This lesson is in the early stages of development (Alpha version)

Elements of Web Scraping with BeautifulSoup

Overview

Teaching: 25 min
Exercises: 15 min
Questions
  • How can I obtain data in a programmatic way from the web without an API?

Objectives
  • Have an idea about how to navigate the HTML element tree with Beautiful Soup and extract relevant information.

Sometimes, the data we are looking for is not available from an API, but it is available on web pages that we can view with our browser. As an example task, in this episode we are going to use the Beautiful Soup Python package for web scraping to find all the relevant information about future Software Carpentry Workshop events.

Exploring HTML code in the browser

Navigate to The Carpentries. The page we see has been rendered by the browser from the HTML, CSS (Cascading Style Sheets) and JavaScript code that is available or linked in the page in some way.

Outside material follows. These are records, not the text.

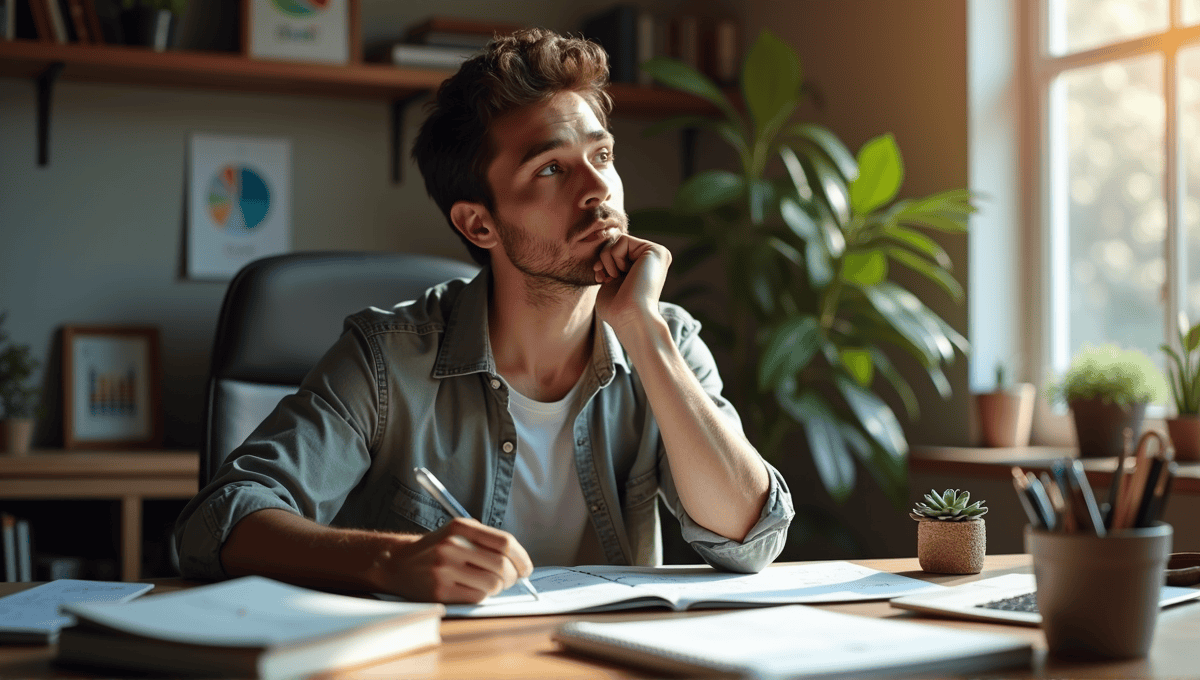 Thoughtful person in casual attire, contemplating at a wooden desk with notebooks and tools.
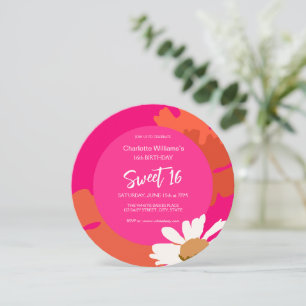 Hot Pink and Orange Floral Sixteen Birthday Party Invitation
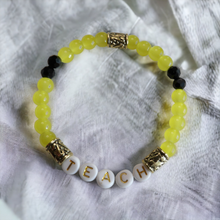 Load image into Gallery viewer, Jewelry - TEACH yellow bead bracelet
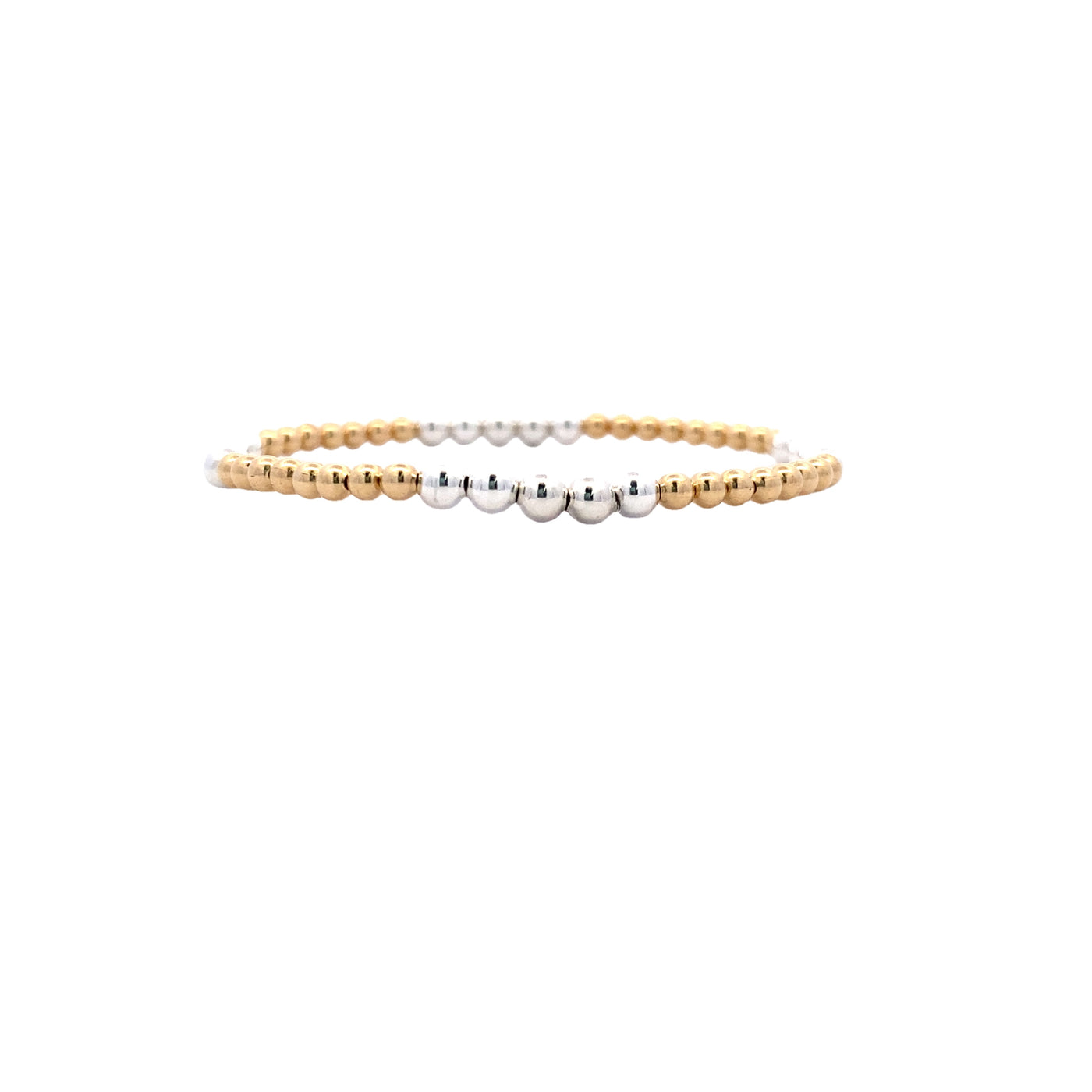 Expandable Bead Bracelet in Two-Tone Gold by Karen Lazar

In many browsers (for example, Chrome, Chromium, and Firefox), we can look at the HTML source code of the page we are viewing with the CTRL+u shortcut (alternatively, you can right click on the page and choose “View Source” from the context menu).

Things to notice:

Another way to explore the HTML code is to use the Developer Tools. In most browser, (Chrome, Chromium and Firefox), you can use the CTRL+Shift+I key combination to open the Developer Tools (alternatively, find the right option in your browser menu).

Developer Tools in Safari

In Safari on macOS, the Developer Tools are hidden by default. To enable them, open the Preferences window, go to the Advanced tab, and enable the “Show Develop menu in menu bar” option.

By using these, by pressing the combination CTRL+Shift+C (or clicking on the mouse pointer icon in the top left of the window) you can hover with the mouse on the elements in the rendered page and view their properties. If you click on one of these, the relevant part of the HTML code will be shown to you.

By using these techniques, we can understand how to locate the elements that we want when using Beautiful Soup later on.

Relevant HTML tags for this lessons

There is a number of tags that may be interesting in general, but specifically for what follows, we need to notice:

Scraping the page with Beautiful Soup

From the BeautifulSoup documentaion:

Beautiful Soup is a Python library for pulling data out of HTML and XML files. It works with your favorite parser to provide idiomatic ways of navigating, searching, and modifying the parse tree. It commonly saves programmers hours or days of work.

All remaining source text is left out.